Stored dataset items
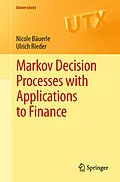 E-Book (pdf) Markov Decision Processes with Applications to Finance von Nicole Bäuerle, Ulrich Rieder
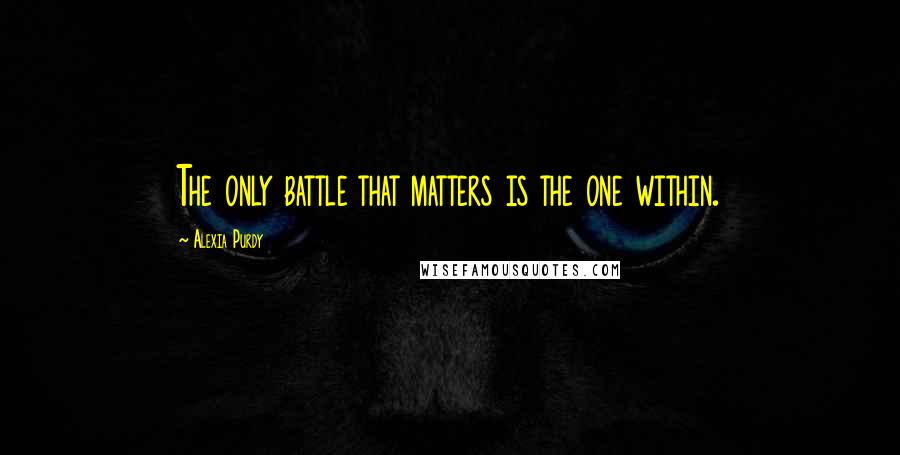 Alexia Purdy Quotes: The only battle that matters is the one within.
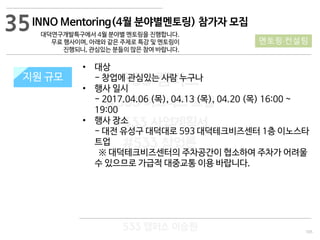 105
533 캠퍼스
#533 비즈니스 모델
#533 사업계획서
#533 창업론
533 캠퍼스 이승원
INNO Mentoring(4월 분야별멘토링) 참가자 모집
대덕연구개발특구에서 4월 분야별 멘토링을 진행합니다.
무료 행사이며, 아래와 같은 주제로 특강 및 멘토링이
진행되니, 관심있는 분들의 많은 참여 바랍니다.
지원 규모지원 규모
• 대상
- 창업에 관심있는 사람 누구나
• 행사 일시
- 2017.04.06 (목), 04.13 (목), 04.20 (목) 16:00 ~
19:00
• 행사 장소
- 대전 유성구 대덕대로 593 대덕테크비즈센터 1층 이노스타
트업
※ 대덕테크비즈센터의 주차공간이 협소하여 주차가 어려울
수 있으므로 가급적 대중교통 이용 바랍니다.
35
멘토링·컨설팅
 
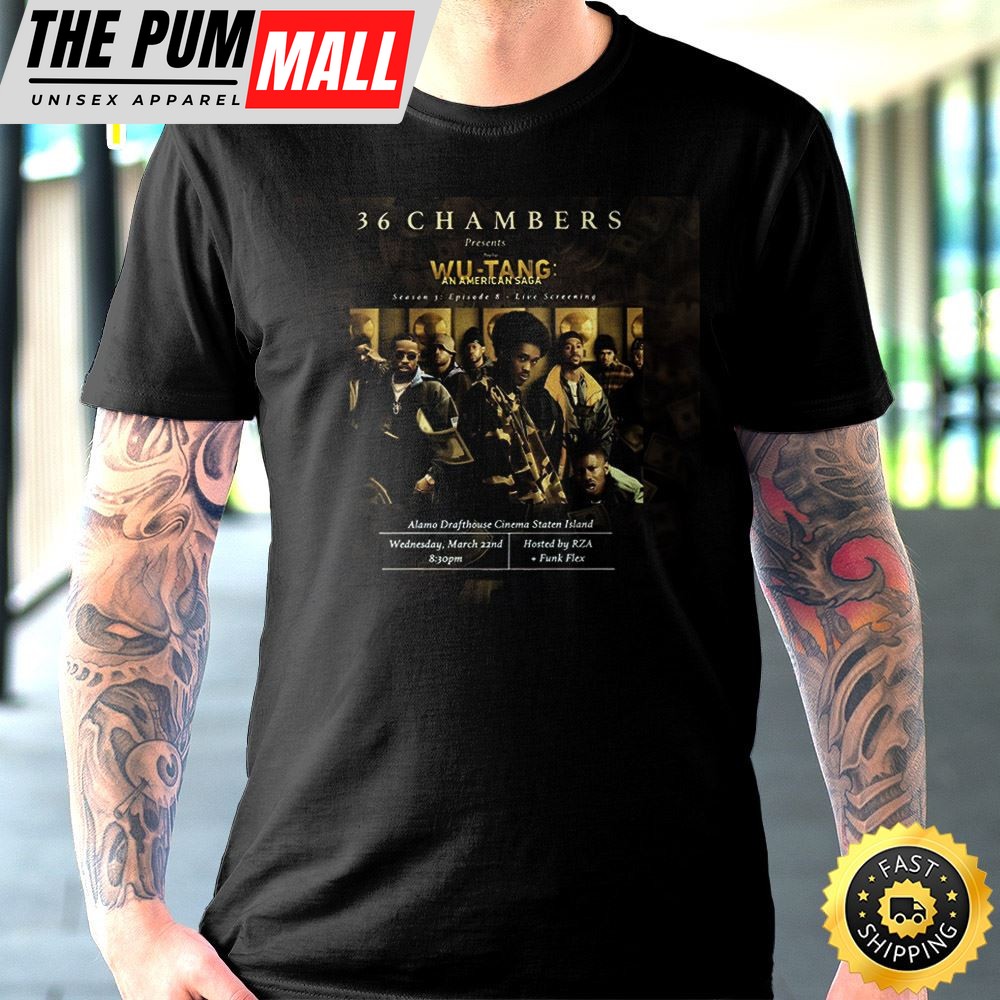 36 Chambers Wutang An American Saga Season 3 Unisex T-shirt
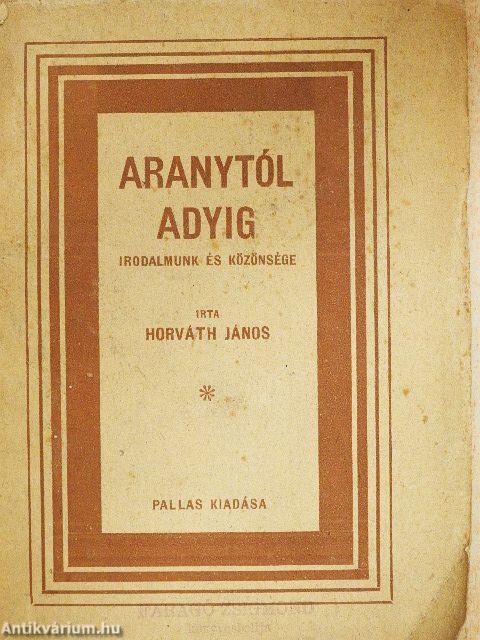 Aranytól Adyig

* ACTION ITEM:
From the line that contains "#533 비즈니스 모델" down to the last line of the entries above, copy every line exactly and leave out the pictures.

* WRITTEN ANSWER:
#533 비즈니스 모델
#533 사업계획서
#533 창업론
533 캠퍼스 이승원
INNO Mentoring(4월 분야별멘토링) 참가자 모집
대덕연구개발특구에서 4월 분야별 멘토링을 진행합니다.
무료 행사이며, 아래와 같은 주제로 특강 및 멘토링이
진행되니, 관심있는 분들의 많은 참여 바랍니다.
지원 규모지원 규모
• 대상
- 창업에 관심있는 사람 누구나
• 행사 일시
- 2017.04.06 (목), 04.13 (목), 04.20 (목) 16:00 ~
19:00
• 행사 장소
- 대전 유성구 대덕대로 593 대덕테크비즈센터 1층 이노스타
트업
※ 대덕테크비즈센터의 주차공간이 협소하여 주차가 어려울
수 있으므로 가급적 대중교통 이용 바랍니다.
35
멘토링·컨설팅
 
 36 Chambers Wutang An American Saga Season 3 Unisex T-shirt
 Aranytól Adyig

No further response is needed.